> _Records for the exercise_:
****
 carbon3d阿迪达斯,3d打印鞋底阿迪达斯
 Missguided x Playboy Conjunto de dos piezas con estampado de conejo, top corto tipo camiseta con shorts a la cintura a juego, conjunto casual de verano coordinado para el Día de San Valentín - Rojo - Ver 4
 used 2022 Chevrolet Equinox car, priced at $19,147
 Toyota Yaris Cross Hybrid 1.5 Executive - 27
****
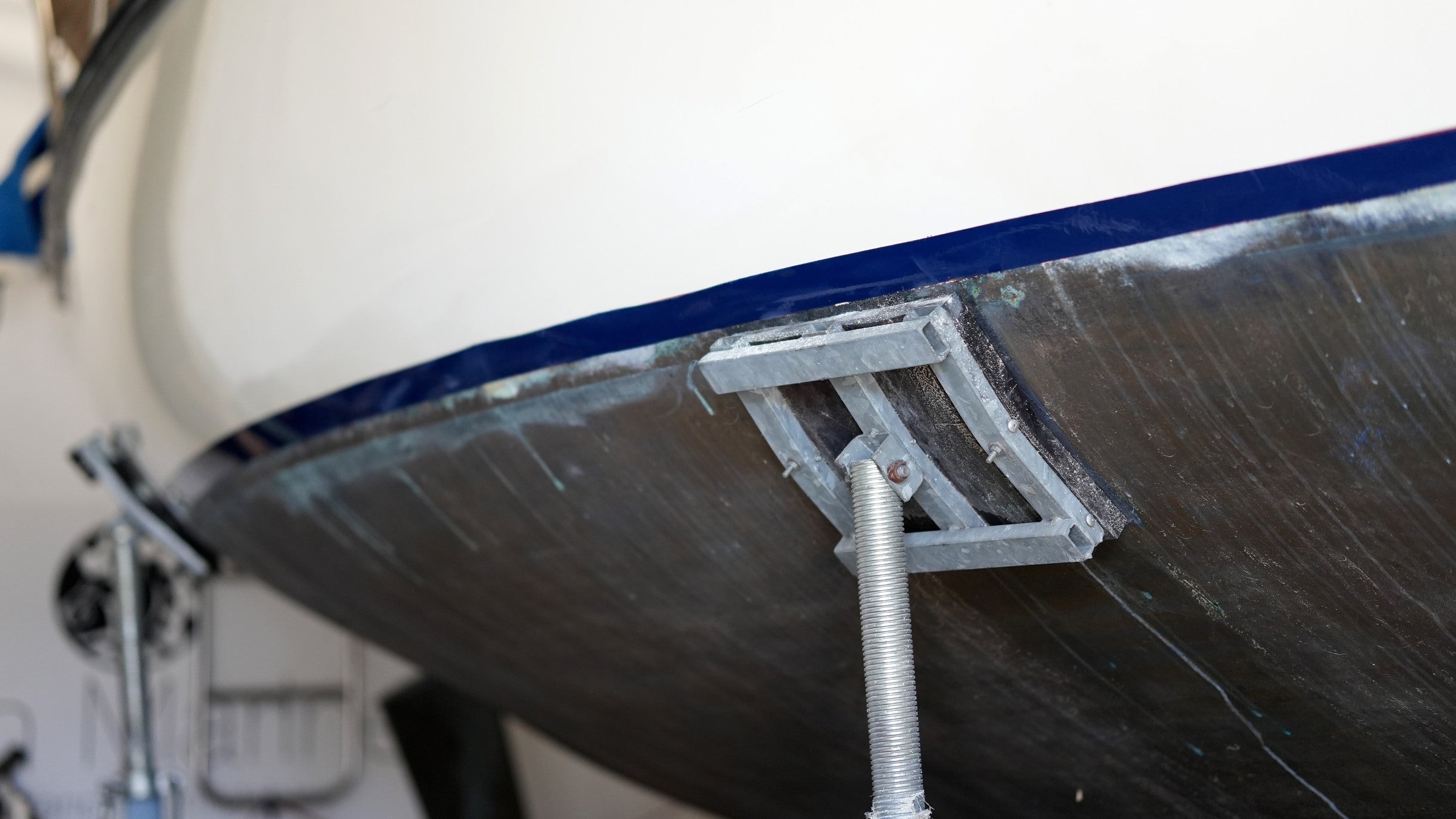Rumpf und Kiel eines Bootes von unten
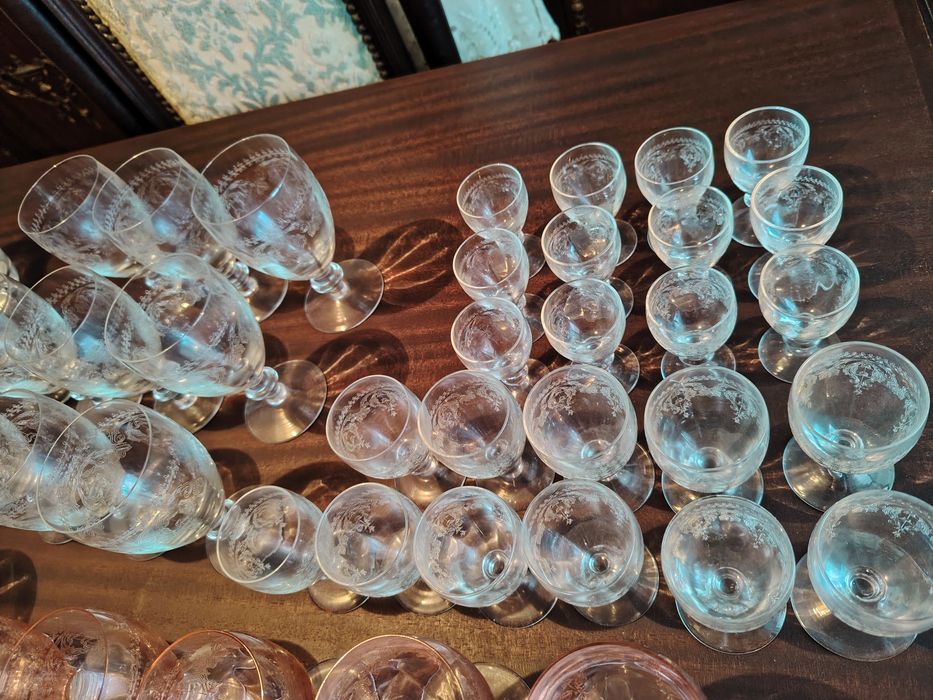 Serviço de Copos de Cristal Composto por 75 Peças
****
> _What the task asks_:
From the records above, give again exactly the lines running from the line with "carbon3d阿迪达斯,3d打印鞋底阿迪达斯" to the line with "Toyota Yaris Cross Hybrid 1.5 Executive - 27", inclusive.

> _Expected answer_:
 carbon3d阿迪达斯,3d打印鞋底阿迪达斯
 Missguided x Playboy Conjunto de dos piezas con estampado de conejo, top corto tipo camiseta con shorts a la cintura a juego, conjunto casual de verano coordinado para el Día de San Valentín - Rojo - Ver 4
 used 2022 Chevrolet Equinox car, priced at $19,147
 Toyota Yaris Cross Hybrid 1.5 Executive - 27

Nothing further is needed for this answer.